October 27, 2011
It’s come a long way in a short time. In the mid-1990s, GPS was moving into the surveying mainstream. Post-processed static or kinematic methods using briefcase-sized receivers were the primary techniques for GPS surveying, which focused heavily on control and geodetic applications. As manufacturers introduced GPS field surveying equipment that was smaller and simpler to operate, the cost-to-productivity ratio rapidly improved, and applications grew to include topographic mapping and data collection as well as cadastral and control. GIS professionals began to engage the productivity and accuracy of the new systems, as well.
For the GPS positioning community, the availability of local, accessible control points was a key concern. The work to establish control needed on a job site often added time and cost to a project, and GPS users began to look for convenient, local control points to provide the basis for their measurements. In many areas, surveyors, utilities or government agencies installed permanent GPS reference stations known as Community Base Stations (CBS) or Continuously Operating Reference Stations (CORS). Users could access GPS data from the CBS for post processing with static or kinematic surveys.

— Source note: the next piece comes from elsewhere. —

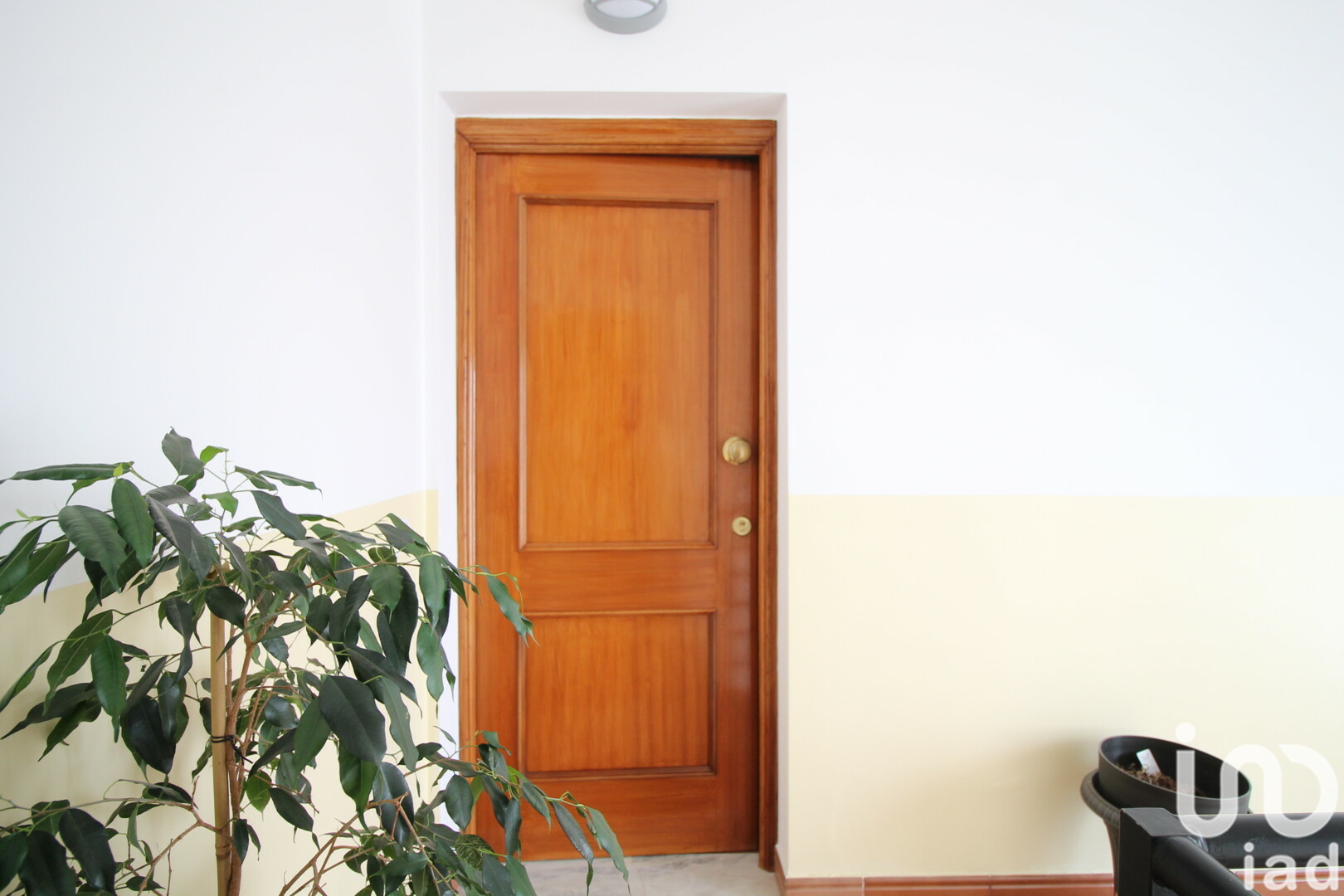 Apartamento T2 à venda em Borba (Matriz), Borba — foto 5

By the end of the decade, real-time techniques were available for both surveying and mapping applications. To support these users, CBS operators could broadcast real-time differential (RTD) or real-time kinematic (RTK) correction data using a UHF transmitter connected to the GPS base station equipment. With this technique, a single base station could support multiple, independent crews. The era of broad-based real-time GPS positioning had begun.
While a CORS provides important benefits for local DGPS or RTK users, it can cover only a limited territory for real-time service. DGPS operations are typically limited to 60 to 120 miles (100 to 200 km) around a reference station, and RTK users seldom operate more than 12 to 18 miles (20 to 30 km) from their base stations. This limitation was solved in the early 2000s, when the emergence of real-time GPS networks (RTN) and widespread wireless telecommunications made it possible to provide centimeter-level positioning services over large geographic areas.
Canada, which has nearly 3.8 million square miles (10 million square km) of land area, is the second-largest country on earth, behind only Russia in geographic size. Providing positioning services at the meter and centimeter levels for the entire country is a daunting proposition. In the late 1990s, Cansel, a Vancouver-based distributor of surveying and construction positioning equipment, recognized the need for GPS reference data and began to install GPS reference stations on its offices. Originally intended to supply regional RTK, DGPS and data for post processing, Cansel’s initial collection of fewer than 10 CORS has grown into one of the largest and most widely used GNSS positioning networks in the world. It’s helped make Canada a world leader in precise, real-time positioning.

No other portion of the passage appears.